Task to carry out:
Copy out exactly the lines spanning the line with "Naturalizer Della Leather" to the line with "Cobertor Sherpa Padrões", inclusive, from the data underneath, with no pictures.
[Data shown Boundary: Start]
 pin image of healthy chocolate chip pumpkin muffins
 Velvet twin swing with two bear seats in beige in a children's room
[Data shown Boundary: End]
[Data shown Boundary: Start]
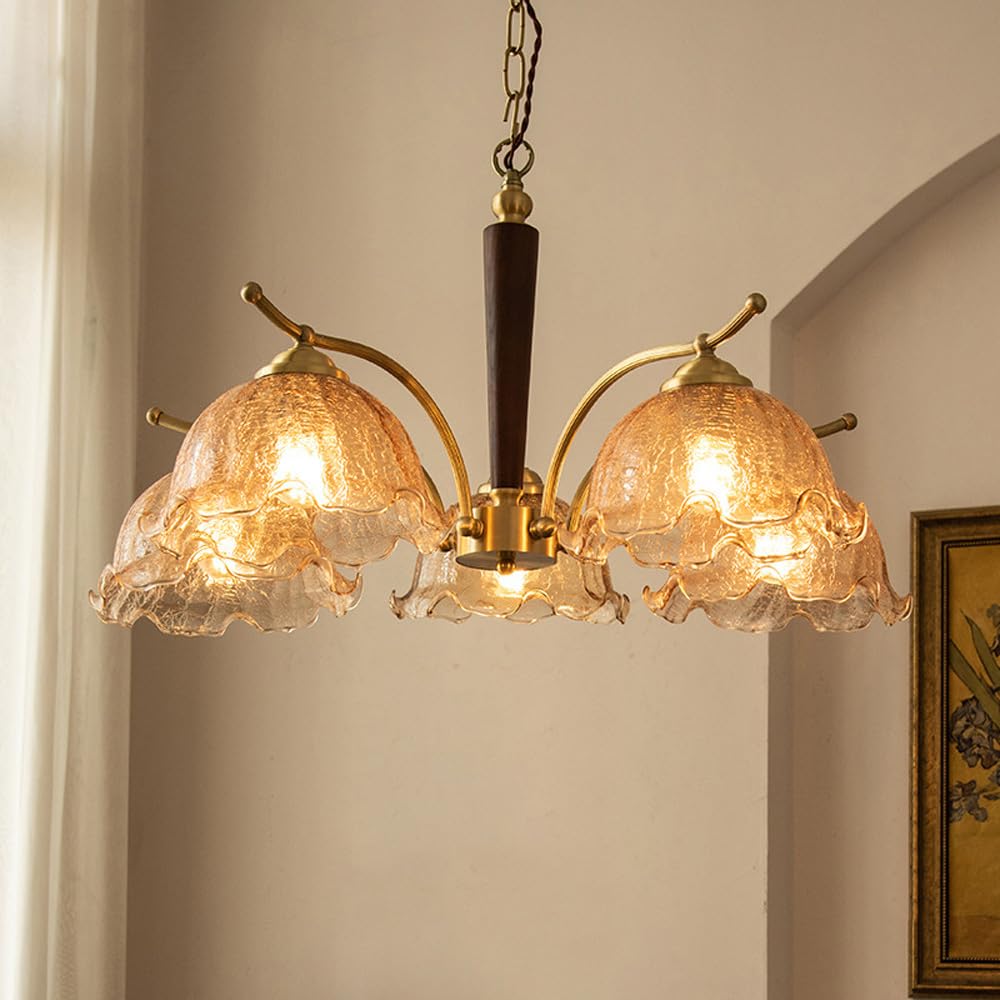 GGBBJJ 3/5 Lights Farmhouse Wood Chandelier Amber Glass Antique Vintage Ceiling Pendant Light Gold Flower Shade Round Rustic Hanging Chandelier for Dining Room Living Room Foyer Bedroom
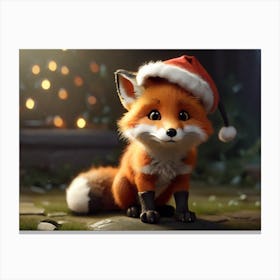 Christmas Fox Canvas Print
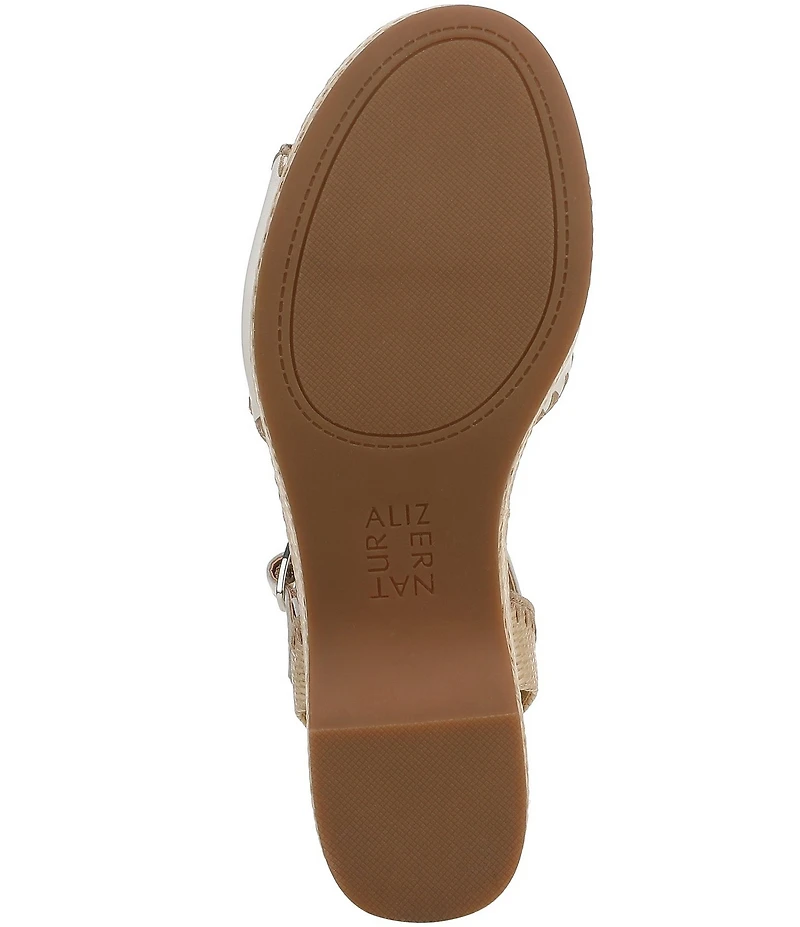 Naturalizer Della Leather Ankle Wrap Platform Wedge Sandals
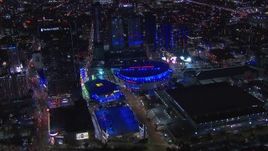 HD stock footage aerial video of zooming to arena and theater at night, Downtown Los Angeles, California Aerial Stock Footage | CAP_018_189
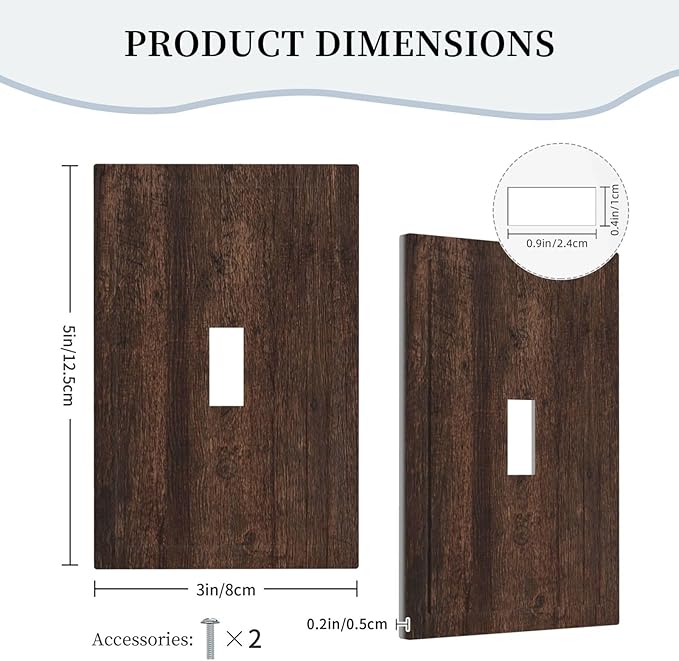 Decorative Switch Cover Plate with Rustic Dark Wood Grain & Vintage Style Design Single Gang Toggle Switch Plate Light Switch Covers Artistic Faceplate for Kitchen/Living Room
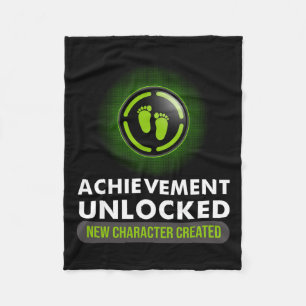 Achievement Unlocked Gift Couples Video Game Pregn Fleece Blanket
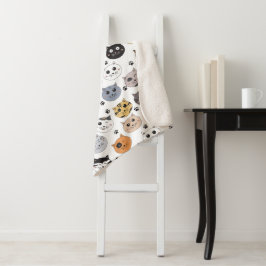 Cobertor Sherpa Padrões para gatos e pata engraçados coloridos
[Data shown Boundary: End]
[Data shown Boundary: Start]
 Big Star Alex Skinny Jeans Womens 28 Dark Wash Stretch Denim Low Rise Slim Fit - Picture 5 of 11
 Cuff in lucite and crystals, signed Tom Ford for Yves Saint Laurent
[Data shown Boundary: End]
Answer for the task:
 Naturalizer Della Leather Ankle Wrap Platform Wedge Sandals
 HD stock footage aerial video of zooming to arena and theater at night, Downtown Los Angeles, California Aerial Stock Footage | CAP_018_189
 Decorative Switch Cover Plate with Rustic Dark Wood Grain & Vintage Style Design Single Gang Toggle Switch Plate Light Switch Covers Artistic Faceplate for Kitchen/Living Room
 Achievement Unlocked Gift Couples Video Game Pregn Fleece Blanket
 Cobertor Sherpa Padrões para gatos e pata engraçados coloridos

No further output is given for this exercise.